その声を聞いて初めて、フェイトの片手の掌に声の主である彼女の愛機の魔法の杖、バルディッシュが置かれていることに気付いた。

 自分もろとも斬り裂かれたはずの彼も、逆三角形型の掌サイズの待機携帯―――スタンバイモードの姿で健在、罅ひとつとして存在していない。

 

「フェイト…」

 

 半獣半人の少女アルフが、フェイトの視界に入った。

 その身を苛ます悪夢から逃れたてな様子を見せたこともあって、勝気そうな顔には、フェイトを案じ、かなり心配している表情を浮かばせている。

 

「アルフ…私…どうして?あの後何があったの?」

「ああ、それがね…」

 

 フェイトの質問に対し、上手く説明できる表現がみつからないのか、アルフは苦笑いしながらはぐらかしている。

 

「あのさ、びっくりしないで、よ~く聞いてよ」

「うん…」

 

 前置きの後、フェイトが倒れた後に起きた出来事をアルフが話そうとしたその時。

 

「お、気がついたみてえだな」

 

 台所のある奥から、人が現れた。

 さっき驚かぬようアルフに念を押されたにも拘わらず、フェイトは内心動揺が隠せなかった。

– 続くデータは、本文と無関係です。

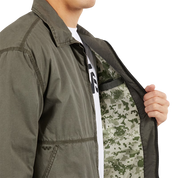 Cotton Poplin Station Jacket - Obsidian Fern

 あの青い宝石を巡って自分と争い、自分を斬って打ち負かしたその張本人が目の前にいる。

 長い黒髪をポニーテールで縛った、長身で中性な顔つきの少年。

 一度、またあの映像が浮かび、恐怖心に埋め尽くされそうになったが、今のその少年からは、記憶では全身から発していた殺意は微塵も感じられない。

 ちょっと目つきが鋭い点があるが、紛れも無く同一人物であるはずなのに、どうしても記憶の中での彼と、眼前の彼を結びつくことができない。 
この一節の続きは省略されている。